- _Your task_:
Each line of data below is to be returned exactly, leaving out any picture.

- _Data extract_:

* * * * *

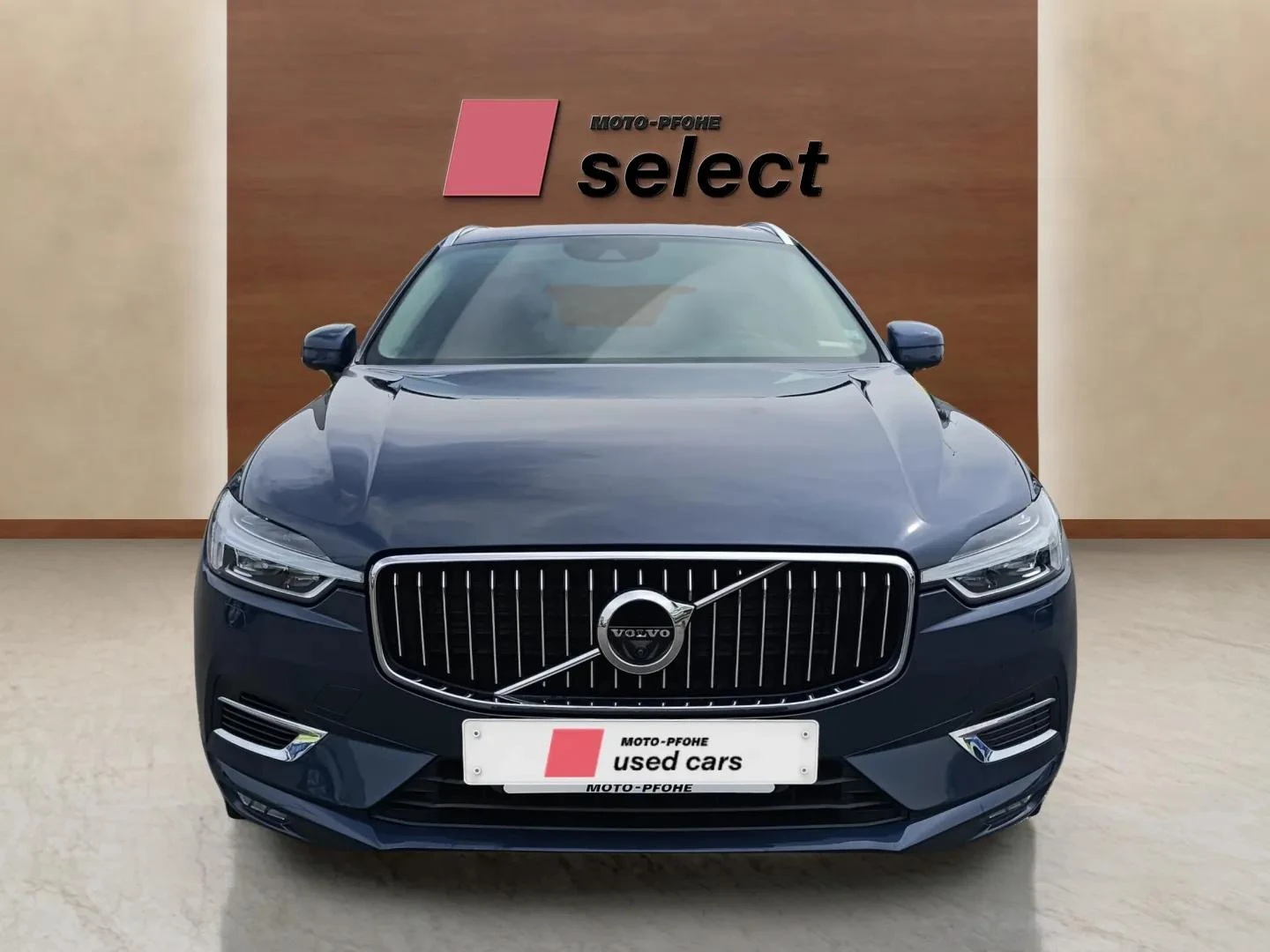 Volvo XC60 T8 Recharge, снимка 2 - Автомобили и джипове - 54197046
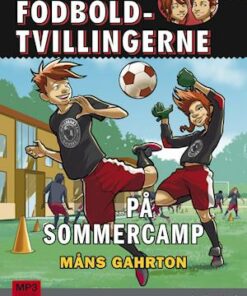 Fodboldtvillingerne: På sommercamp (3)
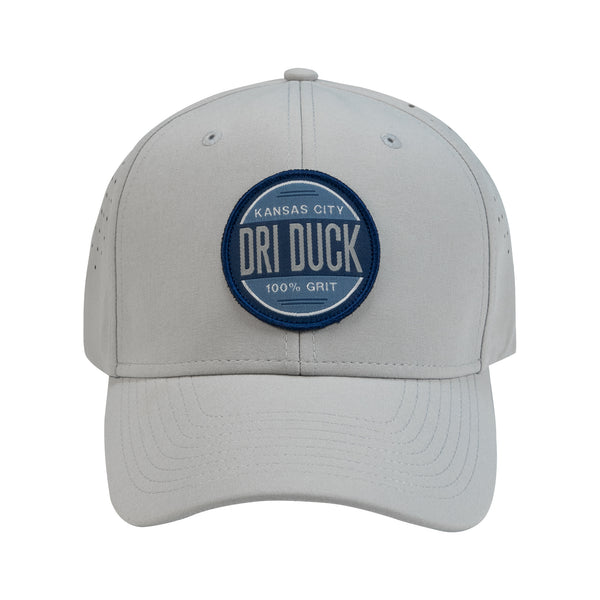 dri duck KC Team Titan Hat
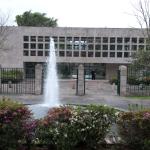Anthropologisches Museum Xalapa - Museo de Antropologia de Xalapa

* * * * *

- _Answer space_:
 Volvo XC60 T8 Recharge, снимка 2 - Автомобили и джипове - 54197046
 Fodboldtvillingerne: På sommercamp (3)
 dri duck KC Team Titan Hat
Anthropologisches Museum Xalapa - Museo de Antropologia de Xalapa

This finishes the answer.